Anthony Thistleton says UK ‘would go from world leader to backwater’ with collapse of CLT
An architect specialising in cross-laminated timber (CLT) buildings has warned that the government’s proposed ban on combustible cladding materials could spell the end of the construction method.
Anthony Thistleton, director of Waugh Thistleton, designer of the world’s largest CLT building, said that the proposals would stop CLT being used for the structure of residential buildings over six storeys.
He said: “It could potentially mean a complete collapse of CLT in this country – we would go from a world leader to a backwater.”
Thistleton said buildings over five storeys high were the “sweet spot” for CLT construction as it was cheaper to use other structural solutions on lower-rise buildings.

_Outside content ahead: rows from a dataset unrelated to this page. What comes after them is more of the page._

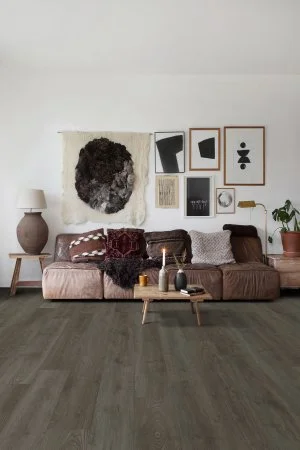 Плитка SPC Adelar Solida American Oak 04880 в Казани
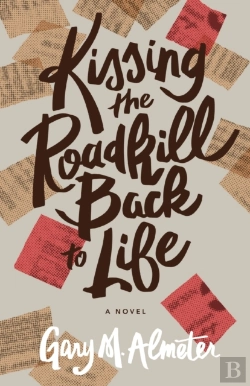 Bertrand.pt - Kissing The Roadkill Back To Life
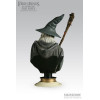 Sideshow - Il Signore degli Anelli - GANDALF IL GRIGIO Busto leggendario in scala 1/2 - Occasione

The consultation proposes that only non-combustible materials can be used in the “complete wall assembly, including the inner leaf, insulation and the facade” on residential buildings over 18m high.

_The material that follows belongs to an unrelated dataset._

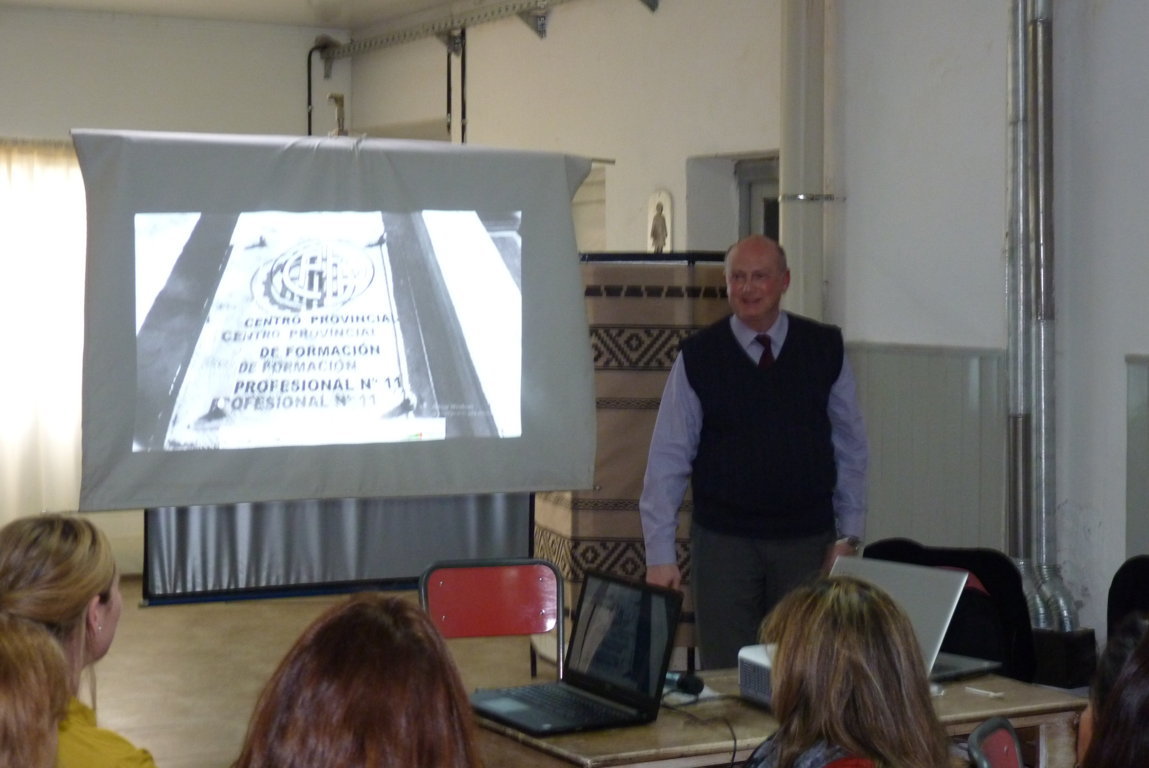 P1400555 (FILEminimizer)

The ban would also mean that foamed plastic insulation would be banned from the walls of buildings over 18m high.
Thistleton said the rapid growth of CLT construction in the UK meant his practice had become a world leader in this form of construction.
It was behind London’s first housing scheme to be made from prefabricated solid timber. Nine-storey Murray Grove in Hackney, east London, completed in 2009.
Waugh Thistleton was also the architect for the world’s largest CLT building, Dalston Works, a 33m-high apartment block in the same borough, which was completed last year.
The height of buildings constructed from CLT has been steadily increasing, particularly in Hackney. The borough introduced a “timber first” planning policy in 2012 to promote the use of the material.
According to Thistleton, the use of CLT was rapidly growing because of its speed of construction, low embodied carbon content and light weight, which reduced the amount of concrete required for a building’s foundations.
The government’s consultation closes on August 14.